─── DATA SECTION ───

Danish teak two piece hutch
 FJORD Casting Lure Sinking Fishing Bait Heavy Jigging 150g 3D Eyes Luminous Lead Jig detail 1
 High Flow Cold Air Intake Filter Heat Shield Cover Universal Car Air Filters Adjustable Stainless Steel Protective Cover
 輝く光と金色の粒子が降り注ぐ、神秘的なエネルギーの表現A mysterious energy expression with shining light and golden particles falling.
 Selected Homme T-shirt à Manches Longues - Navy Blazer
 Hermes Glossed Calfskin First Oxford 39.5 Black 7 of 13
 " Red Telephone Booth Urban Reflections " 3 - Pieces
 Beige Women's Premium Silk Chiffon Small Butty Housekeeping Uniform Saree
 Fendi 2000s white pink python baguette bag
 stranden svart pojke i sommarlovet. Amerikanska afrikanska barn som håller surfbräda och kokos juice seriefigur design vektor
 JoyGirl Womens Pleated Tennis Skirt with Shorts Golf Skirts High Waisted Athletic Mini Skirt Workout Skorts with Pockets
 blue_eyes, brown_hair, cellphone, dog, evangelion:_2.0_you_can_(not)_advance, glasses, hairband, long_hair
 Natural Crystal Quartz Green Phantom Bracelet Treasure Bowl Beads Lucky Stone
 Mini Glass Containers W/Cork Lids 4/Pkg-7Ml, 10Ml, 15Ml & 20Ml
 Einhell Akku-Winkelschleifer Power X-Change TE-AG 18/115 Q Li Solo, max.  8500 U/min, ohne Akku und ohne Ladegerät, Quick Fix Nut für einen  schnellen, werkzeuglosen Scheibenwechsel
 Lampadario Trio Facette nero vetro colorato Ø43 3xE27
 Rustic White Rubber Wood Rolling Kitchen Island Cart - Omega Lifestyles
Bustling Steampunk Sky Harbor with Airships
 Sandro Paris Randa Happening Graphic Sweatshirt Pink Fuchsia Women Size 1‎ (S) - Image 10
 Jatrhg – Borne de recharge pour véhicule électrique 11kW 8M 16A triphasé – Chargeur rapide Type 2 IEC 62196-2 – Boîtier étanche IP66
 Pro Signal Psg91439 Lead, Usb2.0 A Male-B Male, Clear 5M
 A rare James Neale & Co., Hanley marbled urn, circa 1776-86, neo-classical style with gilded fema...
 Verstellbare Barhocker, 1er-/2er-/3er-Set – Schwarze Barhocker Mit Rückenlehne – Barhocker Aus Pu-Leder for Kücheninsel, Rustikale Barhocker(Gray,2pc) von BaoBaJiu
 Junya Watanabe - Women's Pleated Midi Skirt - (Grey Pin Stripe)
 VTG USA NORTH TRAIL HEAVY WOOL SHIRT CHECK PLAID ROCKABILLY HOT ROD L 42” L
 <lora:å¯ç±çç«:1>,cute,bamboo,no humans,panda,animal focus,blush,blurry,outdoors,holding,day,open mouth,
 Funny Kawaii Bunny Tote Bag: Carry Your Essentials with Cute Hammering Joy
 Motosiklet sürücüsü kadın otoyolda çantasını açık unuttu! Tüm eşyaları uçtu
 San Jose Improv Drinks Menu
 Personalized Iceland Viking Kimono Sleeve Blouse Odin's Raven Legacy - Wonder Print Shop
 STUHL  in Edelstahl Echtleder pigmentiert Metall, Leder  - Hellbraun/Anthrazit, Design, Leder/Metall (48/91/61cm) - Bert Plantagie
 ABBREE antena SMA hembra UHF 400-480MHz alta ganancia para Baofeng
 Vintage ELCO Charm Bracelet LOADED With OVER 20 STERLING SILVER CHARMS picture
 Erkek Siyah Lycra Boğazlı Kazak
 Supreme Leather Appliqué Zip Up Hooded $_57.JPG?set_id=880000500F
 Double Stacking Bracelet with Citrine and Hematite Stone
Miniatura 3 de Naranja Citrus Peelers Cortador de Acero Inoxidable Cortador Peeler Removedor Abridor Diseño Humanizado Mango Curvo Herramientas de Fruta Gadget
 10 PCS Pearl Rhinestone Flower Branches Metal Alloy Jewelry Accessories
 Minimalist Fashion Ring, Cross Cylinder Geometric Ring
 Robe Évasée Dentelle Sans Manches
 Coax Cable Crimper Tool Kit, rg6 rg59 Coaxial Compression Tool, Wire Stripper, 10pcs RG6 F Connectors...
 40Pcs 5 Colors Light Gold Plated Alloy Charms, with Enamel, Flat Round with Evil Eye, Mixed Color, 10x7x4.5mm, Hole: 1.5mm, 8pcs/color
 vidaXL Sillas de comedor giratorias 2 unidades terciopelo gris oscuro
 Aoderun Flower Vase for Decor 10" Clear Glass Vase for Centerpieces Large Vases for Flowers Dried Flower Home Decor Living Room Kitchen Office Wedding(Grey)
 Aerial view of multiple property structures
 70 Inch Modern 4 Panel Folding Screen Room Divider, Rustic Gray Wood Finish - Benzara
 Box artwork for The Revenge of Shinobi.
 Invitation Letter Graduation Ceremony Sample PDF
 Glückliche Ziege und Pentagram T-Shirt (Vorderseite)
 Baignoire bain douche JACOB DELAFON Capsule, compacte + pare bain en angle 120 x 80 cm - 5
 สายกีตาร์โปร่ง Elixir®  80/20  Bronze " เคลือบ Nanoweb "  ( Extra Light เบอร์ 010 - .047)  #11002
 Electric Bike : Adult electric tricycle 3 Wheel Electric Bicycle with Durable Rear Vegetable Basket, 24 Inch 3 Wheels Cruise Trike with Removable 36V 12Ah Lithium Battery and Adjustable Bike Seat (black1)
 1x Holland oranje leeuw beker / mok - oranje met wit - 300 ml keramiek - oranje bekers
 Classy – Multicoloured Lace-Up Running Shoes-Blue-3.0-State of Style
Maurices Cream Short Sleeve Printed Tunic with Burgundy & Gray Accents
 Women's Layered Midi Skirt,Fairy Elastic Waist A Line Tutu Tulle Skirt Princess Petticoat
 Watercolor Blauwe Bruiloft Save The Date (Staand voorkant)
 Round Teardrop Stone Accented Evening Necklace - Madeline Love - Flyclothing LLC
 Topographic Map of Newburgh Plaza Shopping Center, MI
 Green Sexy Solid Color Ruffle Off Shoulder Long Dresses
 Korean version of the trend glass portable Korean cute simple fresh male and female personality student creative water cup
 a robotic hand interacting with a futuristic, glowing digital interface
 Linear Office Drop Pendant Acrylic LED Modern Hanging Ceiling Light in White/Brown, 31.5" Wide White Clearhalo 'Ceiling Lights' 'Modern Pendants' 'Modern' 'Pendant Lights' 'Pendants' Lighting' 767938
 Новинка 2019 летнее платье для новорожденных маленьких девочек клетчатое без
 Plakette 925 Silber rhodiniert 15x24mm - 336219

───

TASK STATEMENT
The entries need to be set down again in full, with no word changed.

TASK RESULT
Danish teak two piece hutch
 FJORD Casting Lure Sinking Fishing Bait Heavy Jigging 150g 3D Eyes Luminous Lead Jig detail 1
 High Flow Cold Air Intake Filter Heat Shield Cover Universal Car Air Filters Adjustable Stainless Steel Protective Cover
 輝く光と金色の粒子が降り注ぐ、神秘的なエネルギーの表現A mysterious energy expression with shining light and golden particles falling.
 Selected Homme T-shirt à Manches Longues - Navy Blazer
 Hermes Glossed Calfskin First Oxford 39.5 Black 7 of 13
 " Red Telephone Booth Urban Reflections " 3 - Pieces
 Beige Women's Premium Silk Chiffon Small Butty Housekeeping Uniform Saree
 Fendi 2000s white pink python baguette bag
 stranden svart pojke i sommarlovet. Amerikanska afrikanska barn som håller surfbräda och kokos juice seriefigur design vektor
 JoyGirl Womens Pleated Tennis Skirt with Shorts Golf Skirts High Waisted Athletic Mini Skirt Workout Skorts with Pockets
 blue_eyes, brown_hair, cellphone, dog, evangelion:_2.0_you_can_(not)_advance, glasses, hairband, long_hair
 Natural Crystal Quartz Green Phantom Bracelet Treasure Bowl Beads Lucky Stone
 Mini Glass Containers W/Cork Lids 4/Pkg-7Ml, 10Ml, 15Ml & 20Ml
 Einhell Akku-Winkelschleifer Power X-Change TE-AG 18/115 Q Li Solo, max.  8500 U/min, ohne Akku und ohne Ladegerät, Quick Fix Nut für einen  schnellen, werkzeuglosen Scheibenwechsel
 Lampadario Trio Facette nero vetro colorato Ø43 3xE27
 Rustic White Rubber Wood Rolling Kitchen Island Cart - Omega Lifestyles
Bustling Steampunk Sky Harbor with Airships
 Sandro Paris Randa Happening Graphic Sweatshirt Pink Fuchsia Women Size 1‎ (S) - Image 10
 Jatrhg – Borne de recharge pour véhicule électrique 11kW 8M 16A triphasé – Chargeur rapide Type 2 IEC 62196-2 – Boîtier étanche IP66
 Pro Signal Psg91439 Lead, Usb2.0 A Male-B Male, Clear 5M
 A rare James Neale & Co., Hanley marbled urn, circa 1776-86, neo-classical style with gilded fema...
 Verstellbare Barhocker, 1er-/2er-/3er-Set – Schwarze Barhocker Mit Rückenlehne – Barhocker Aus Pu-Leder for Kücheninsel, Rustikale Barhocker(Gray,2pc) von BaoBaJiu
 Junya Watanabe - Women's Pleated Midi Skirt - (Grey Pin Stripe)
 VTG USA NORTH TRAIL HEAVY WOOL SHIRT CHECK PLAID ROCKABILLY HOT ROD L 42” L
 <lora:å¯ç±çç«:1>,cute,bamboo,no humans,panda,animal focus,blush,blurry,outdoors,holding,day,open mouth,
 Funny Kawaii Bunny Tote Bag: Carry Your Essentials with Cute Hammering Joy
 Motosiklet sürücüsü kadın otoyolda çantasını açık unuttu! Tüm eşyaları uçtu
 San Jose Improv Drinks Menu
 Personalized Iceland Viking Kimono Sleeve Blouse Odin's Raven Legacy - Wonder Print Shop
 STUHL  in Edelstahl Echtleder pigmentiert Metall, Leder  - Hellbraun/Anthrazit, Design, Leder/Metall (48/91/61cm) - Bert Plantagie
 ABBREE antena SMA hembra UHF 400-480MHz alta ganancia para Baofeng
 Vintage ELCO Charm Bracelet LOADED With OVER 20 STERLING SILVER CHARMS picture
 Erkek Siyah Lycra Boğazlı Kazak
 Supreme Leather Appliqué Zip Up Hooded $_57.JPG?set_id=880000500F
 Double Stacking Bracelet with Citrine and Hematite Stone
Miniatura 3 de Naranja Citrus Peelers Cortador de Acero Inoxidable Cortador Peeler Removedor Abridor Diseño Humanizado Mango Curvo Herramientas de Fruta Gadget
 10 PCS Pearl Rhinestone Flower Branches Metal Alloy Jewelry Accessories
 Minimalist Fashion Ring, Cross Cylinder Geometric Ring
 Robe Évasée Dentelle Sans Manches
 Coax Cable Crimper Tool Kit, rg6 rg59 Coaxial Compression Tool, Wire Stripper, 10pcs RG6 F Connectors...
 40Pcs 5 Colors Light Gold Plated Alloy Charms, with Enamel, Flat Round with Evil Eye, Mixed Color, 10x7x4.5mm, Hole: 1.5mm, 8pcs/color
 vidaXL Sillas de comedor giratorias 2 unidades terciopelo gris oscuro
 Aoderun Flower Vase for Decor 10" Clear Glass Vase for Centerpieces Large Vases for Flowers Dried Flower Home Decor Living Room Kitchen Office Wedding(Grey)
 Aerial view of multiple property structures
 70 Inch Modern 4 Panel Folding Screen Room Divider, Rustic Gray Wood Finish - Benzara
 Box artwork for The Revenge of Shinobi.
 Invitation Letter Graduation Ceremony Sample PDF
 Glückliche Ziege und Pentagram T-Shirt (Vorderseite)
 Baignoire bain douche JACOB DELAFON Capsule, compacte + pare bain en angle 120 x 80 cm - 5
 สายกีตาร์โปร่ง Elixir®  80/20  Bronze " เคลือบ Nanoweb "  ( Extra Light เบอร์ 010 - .047)  #11002
 Electric Bike : Adult electric tricycle 3 Wheel Electric Bicycle with Durable Rear Vegetable Basket, 24 Inch 3 Wheels Cruise Trike with Removable 36V 12Ah Lithium Battery and Adjustable Bike Seat (black1)
 1x Holland oranje leeuw beker / mok - oranje met wit - 300 ml keramiek - oranje bekers
 Classy – Multicoloured Lace-Up Running Shoes-Blue-3.0-State of Style
Maurices Cream Short Sleeve Printed Tunic with Burgundy & Gray Accents
 Women's Layered Midi Skirt,Fairy Elastic Waist A Line Tutu Tulle Skirt Princess Petticoat
 Watercolor Blauwe Bruiloft Save The Date (Staand voorkant)
 Round Teardrop Stone Accented Evening Necklace - Madeline Love - Flyclothing LLC
 Topographic Map of Newburgh Plaza Shopping Center, MI
 Green Sexy Solid Color Ruffle Off Shoulder Long Dresses
 Korean version of the trend glass portable Korean cute simple fresh male and female personality student creative water cup
 a robotic hand interacting with a futuristic, glowing digital interface
 Linear Office Drop Pendant Acrylic LED Modern Hanging Ceiling Light in White/Brown, 31.5" Wide White Clearhalo 'Ceiling Lights' 'Modern Pendants' 'Modern' 'Pendant Lights' 'Pendants' Lighting' 767938
 Новинка 2019 летнее платье для новорожденных маленьких девочек клетчатое без
 Plakette 925 Silber rhodiniert 15x24mm - 336219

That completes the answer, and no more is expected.